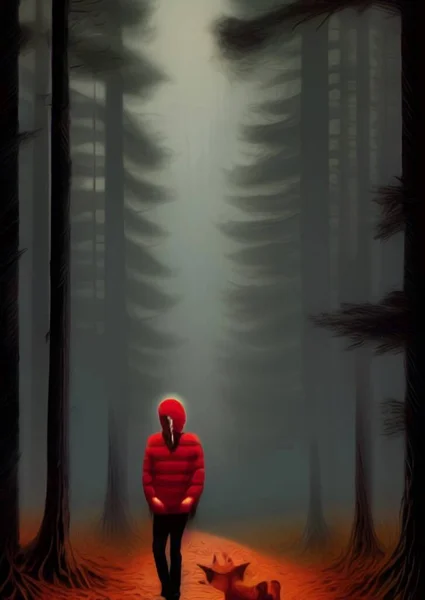森の中の男のアートカラー — ストック写真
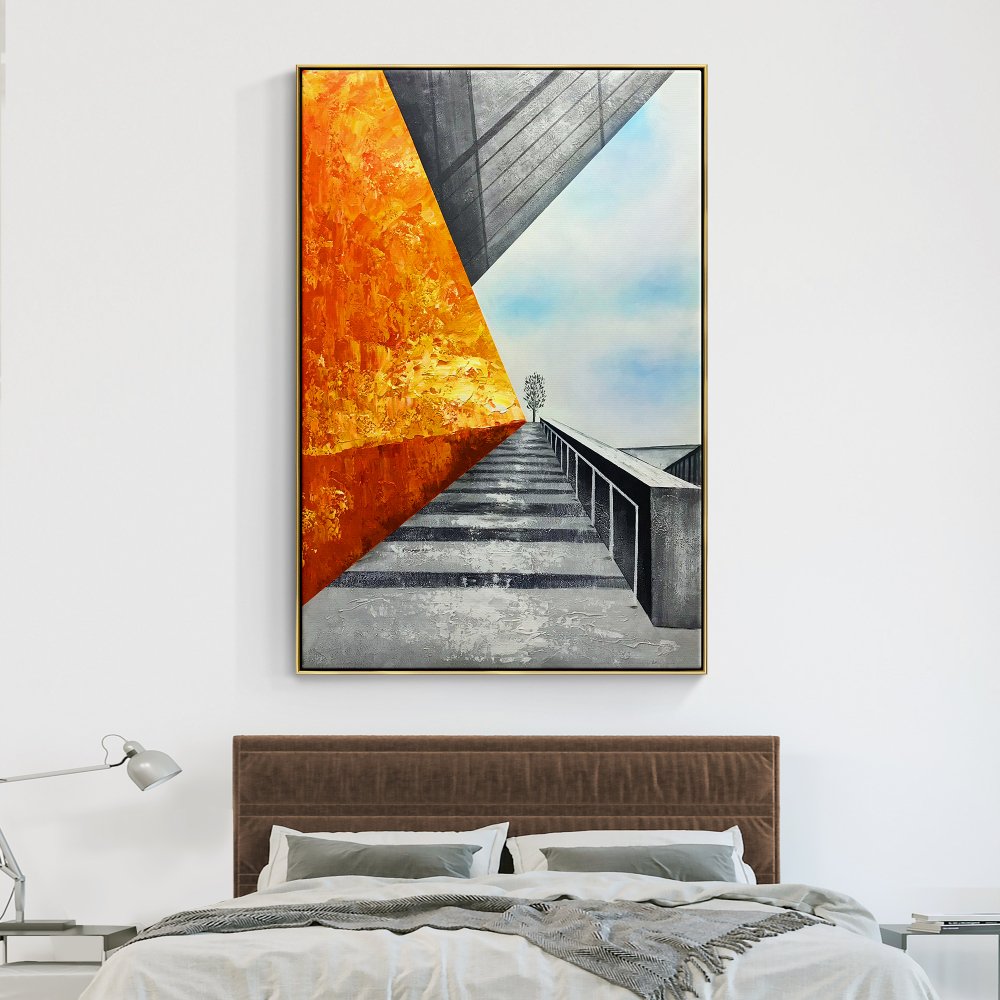 Abstract Urban Landscape: Vibrant Rooftop Perspective in Oil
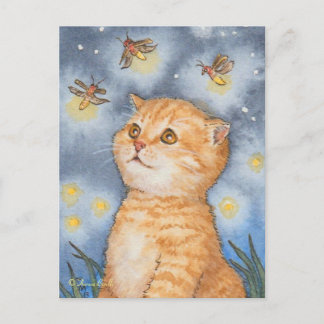 Niedlich Katzenkätzchen mit Feuerwerk Postkarte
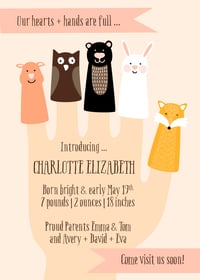 Hand Puppet Baby Announcement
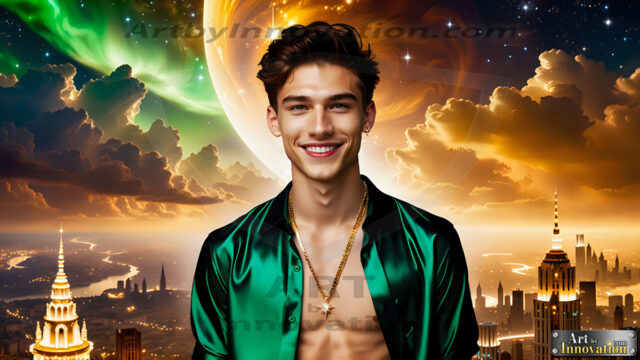 The Men of the Golden City is a collection of AI generated images of beautiful, glamorous, handsome guys in the heavens. The heavenly landscape evokes a sense of magnificence, the majestic gothic architecture, is detailed and crafted to create an atmosphere of reverence and divine glory. The mystical and galactic landscape highlights the golden city. The great detail of the city and the billowing clouds. A golden river flows from the city to the end of the galaxy. The vast galaxy almost covers the image. The stars and constellations sparkle in the galaxy. The city has massive, magnificent, majestic gothic architecture.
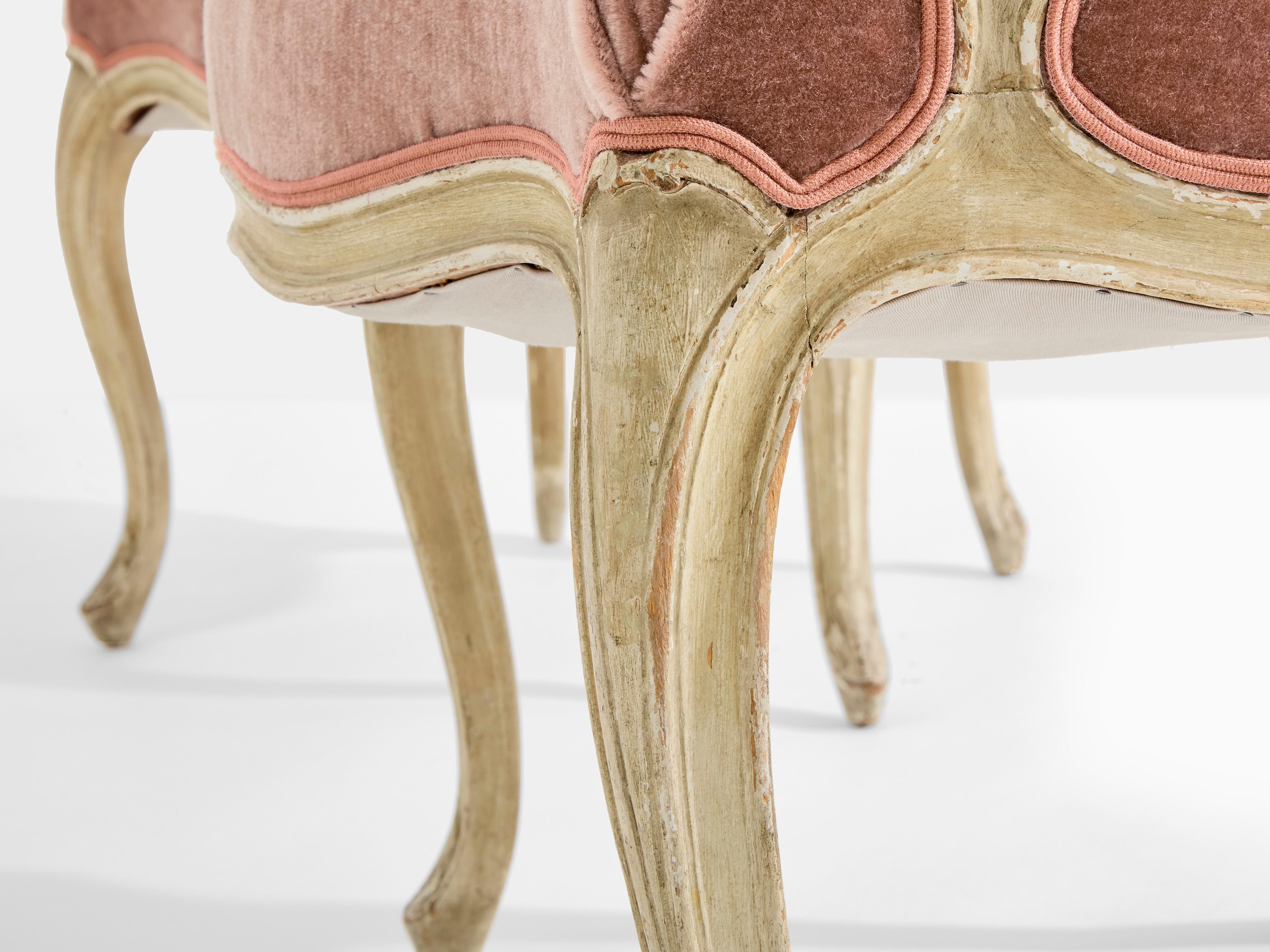 Pareja de sillones neoclásicos Maison Jansen Luis XV estampados años 40 en venta 1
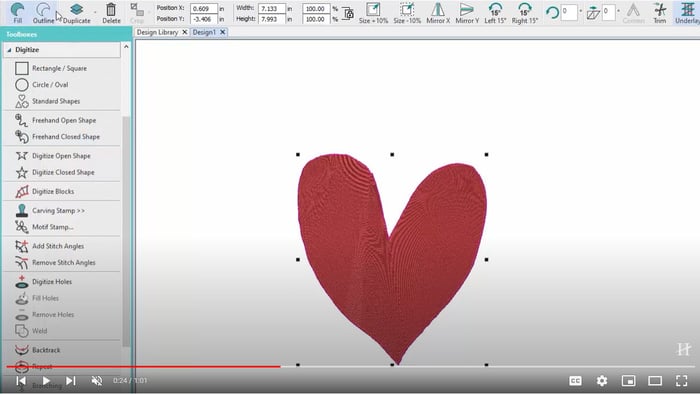 Freehand Closed Shape Tool in Hatch Embroidery 3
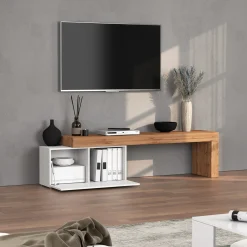 Garnero Arredamenti Mobile Tv Basso|Mobili Tv Moderni-Mobile porta tv 210x51h cm bianco lucido rovere Block Bianco Lucido - Rovere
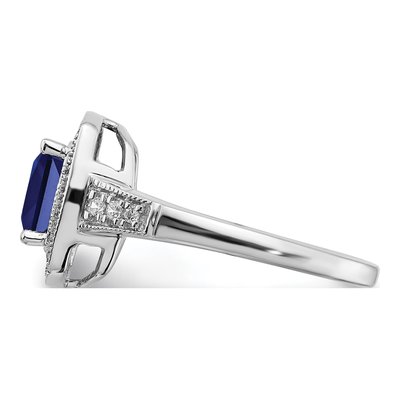 14K White Gold 1/5 ct tw Lab-Created Sapphire & Diamond Halo Ring – view 5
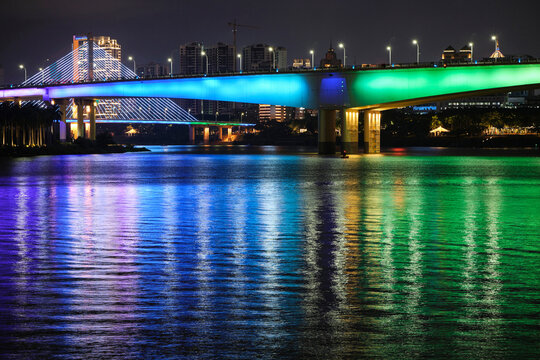 Closeup city bridge under neon light mapping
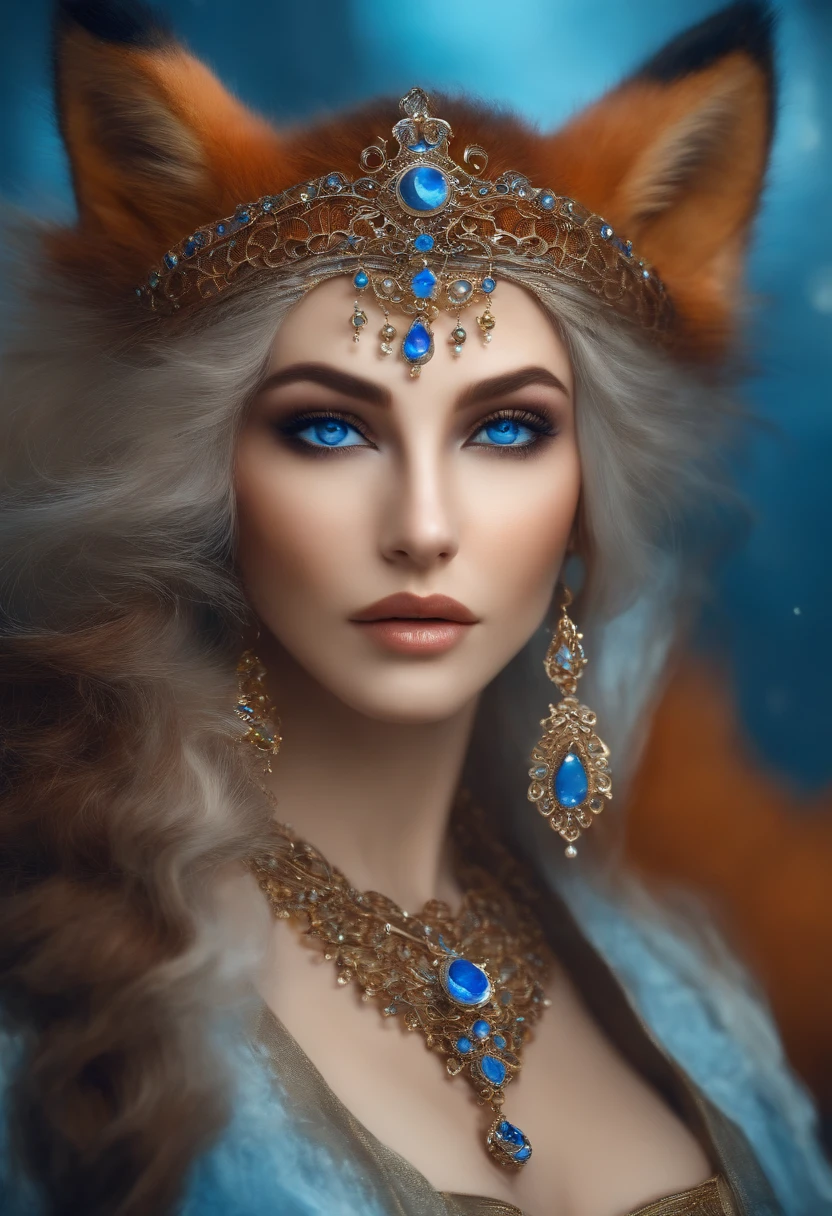 Elegant woman fox spirit, moddest, queen, blue eyes, left eye brown spot,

====================

→ **Task description**: Excluding the pictures, retype the line containing "14K White Gold" and all lines after it down to the end of the data above.

→ **Solution**:
 14K White Gold 1/5 ct tw Lab-Created Sapphire & Diamond Halo Ring – view 5
 Closeup city bridge under neon light mapping
 Elegant woman fox spirit, moddest, queen, blue eyes, left eye brown spot,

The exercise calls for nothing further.